There’s only one problem… new nodes cost a lot of $$$$$.

So, what do you do when you see your fancy clustered database running at 50% of capacity? Beg the CFO to budget for a few more nodes next year? What if you get hit with a sudden burst of web traffic or increased demand for reports or you have to crunch umpteen thousand jobs by next weekend?

Really, the question is, how do you scale your database simply, easily, and cheaply?

Some would say to dump Oracle for a cheaper database. Google famously runs MySQL for AdWords. If it’s good enough for a multi-billion dollar business, it’s probably good enough for my needs. While I might agree with that assessment, I can also say unequivocally that our business cannot migrate off of Oracle in the near term. That would require a rewrite of major pieces of our business.

So, the question still… what do you do when you see your fancy clustered database running at 50% of capacity?

I’ve got a theory. Oracle CPU cycles are expensive. CPU cycles on commodity x86 hardware running commodity software (Linux, HTTPD, and Tomcat) are cheap. If we can move the cycles from Oracle to commodity boxen, we’d be using our database less, the average cost per CPU cycle drops, and we can scale further for less money.

An Oracle RAC cluster is a chatty cluster. One node is kept in sync by constant updates from the other nodes. This is in contrast to the “Master/Slave” configuration of other databases where there is a lag between updates as a node waits for log file shipments.

Chatty cluster, eh? Real time updates? Hmmmm….. I believe I can recreate this at the application level using commodity hardware and software. I believe that we can hold lots and lots and lots of data in memory in an application cluster, thereby reducing the number of queries we run against Oracle. I believe the application cluster can request data from another node in the cluster that’s faster then getting it from Oracle. After all, both are a network call, but one (the db) might also require IO, while the app cluster has it in memory.

I also believe we can test this whole theory and let the numbers guide our decision. We can run benchmarks against Oracle by scaling the number of clients we have connected to it. We’ll know that X number of app servers brings a single RAC node to 100% capacity. If we test this with linear growth of app servers, then we can do some simple math. We need Y RAC nodes to handle X app servers.

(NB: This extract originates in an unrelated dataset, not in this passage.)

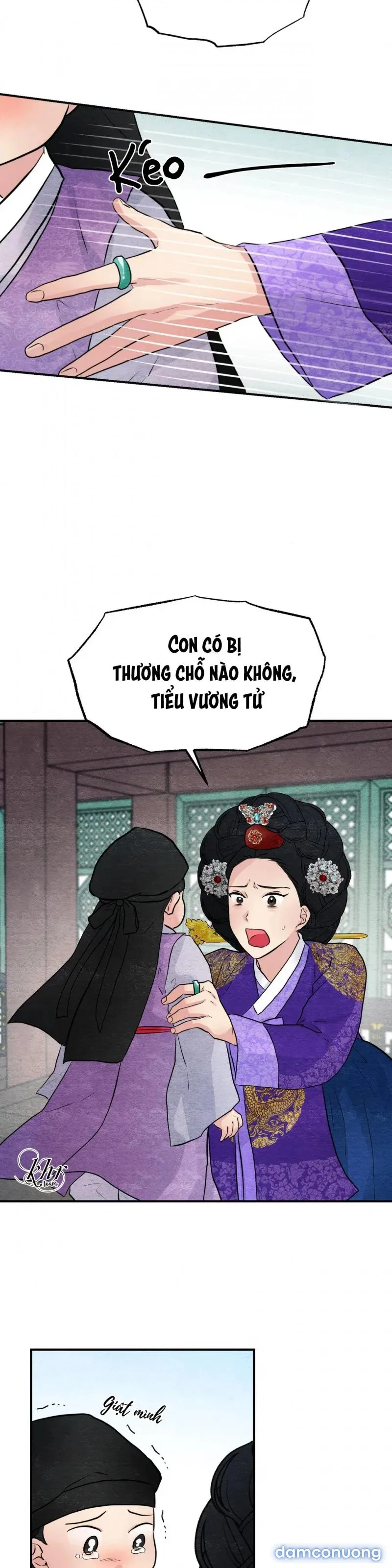 Cuồng Nhãn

And then we benchmark the commodity application cluster. In theory, Oracle should now be used for lazy reads and writes. Y should be smaller than in our previous test, and X should be able to grow to a very large number. The larger X is, the more memory you have in the cluster and the less you rely on lazy reads from Oracle, keeping Y small.

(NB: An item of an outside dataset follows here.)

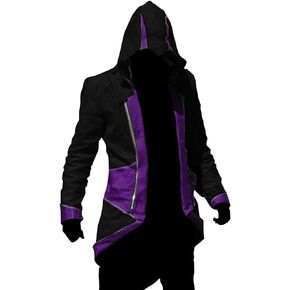 Hoodie Jacket Coat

That’s the theory. Ok, it’s not much of a theory. It’s also known as caching. In this case, it’s distributed caching. The concept is simple, but designing and deploying an elegant solution that scales is harder. Retrofitting a 5 year old organically grown enterprise application with a database that’s pushing 300gb in size to use distributed caching while remaining 100% backwards compatible is harder still. Caching is a good idea, but good ideas aren’t worth much by themselves. The plan to implement the idea and the skills required to deliver it are worth a lot more.

I will be laying out the architecture and benchmark results in future posts.